When we talk to people, young or old, we focus on the blessing. Whether they are old or single, we explain that you can get the blessing or the spiritual world -- physical world blessing. That would culminate with discussions on the blessing donation. That is why it is called Blessing Witnessing.
Question: They are blessed quickly, without having heard all the chapters of Divine Principle.
We have about six months before a blessing, so we continue to study with them during that time.
Question: What had you been doing in the headquarters?
I was vice-director and later director of the Family Education Department. My subordinates had always been working with me. On what they had been working on, the transition was smooth. My only concern is that I was working on building the next level of programs for young people. Because I left while that was in process, I'm afraid that all that will disappear.
The panel exhibition of our church activities and True Parents' lives. In this hall, members of the public hear an introductory lecture.

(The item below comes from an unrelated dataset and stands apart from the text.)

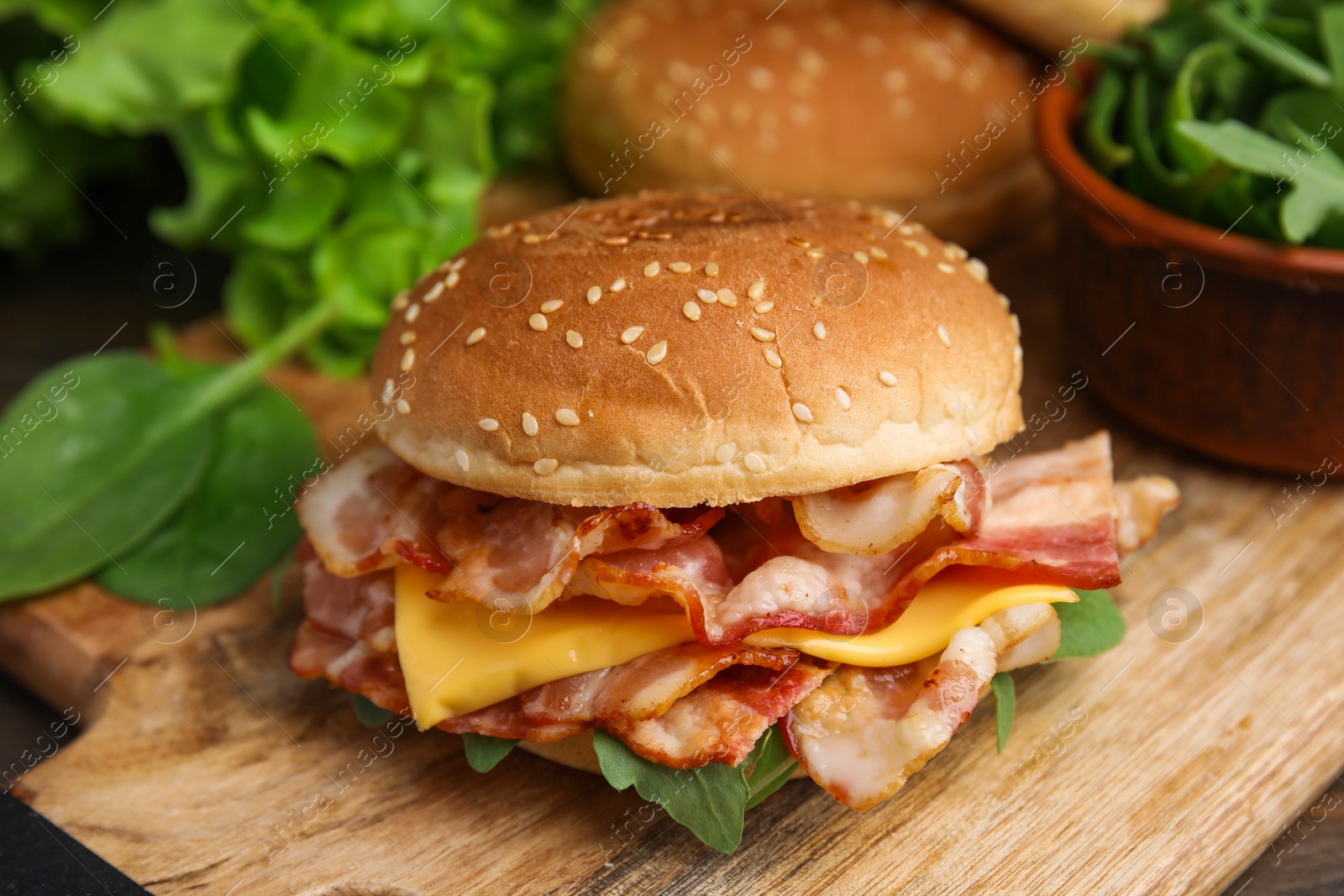 Photo of Delicious burger with bacon and cheese on table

Question: What was going from an office position to dealing with non-members like?
In the 1990s, my parents returned to their hometown, and I helped them do ministry there. For me, this was like a second hometown experience. Also, I had served as a CARP center leader, which helped facilitate the transition in my heart.
Just for the record, I am forty-two this year and many things in the church disappoint me. I understand that many people try to find hope in people other than themselves.
The other Rev. Yeong Seok Song, always said that if you get a new mission, you have to drop everything and go to it the next day. I remembered that, so after I picked my mission area, I went to it the next day.
My predecessor, Mr. Shinozaki, heard that his mission had changed and thirty minutes later, I landed at the airport and announced my arrival. For the next couple of days I helped him pack his bags and we talked a lot about the mission.
The pastor is a position that Father can work through. I was in a position of not trying to find hope in others; I was sup- posed to be giving hope. But, then, members would come up to me to say that an old member had passed away and we had to hold the Seonghwa Ceremony or to remind me that I had to give a sermon the next day. I struggled about what kind of message I would deliver on those occasions.
When I was struggling with these concepts and had prayed and gone to sleep, I would dream of Father, Mother of one of the True Children, who would guide me very specifically and say, look for it here. [He gestures as if poking a place on a page of an open book.] Through that, I felt guided.
I reported my experience to the headquarters. It is not as if I am whoppingly successful. It is not like that. Before, I always dealt with people who are forty or younger. In my new mission, I can deal with people who are much older than that age group. In that situation, I am managing to produce modest results. That is the real deal.
Japanese people in general have keen interest in their ancestors. That is why we go to Chung Pyung to do ancestor liberation. When grandma is alive and grandpa is dead, we ask, Why don't you have the physical world -- spiritual world blessing? Christianity was not able to fully explain those issues. Many people joined our church through these ancestor liberations and blessings.
At the very end [he laughs] they finally learn about the Christian parts in the Divine Principle.
I do not think this method can be replicated in other parts of the world, but as a second-generation member, I would like to strongly emphasize that our generation should not look for hope in the church or look for hope outside the church. We should be giving hope to others. That is something I think applies to all second-generation FFWPU members in the world.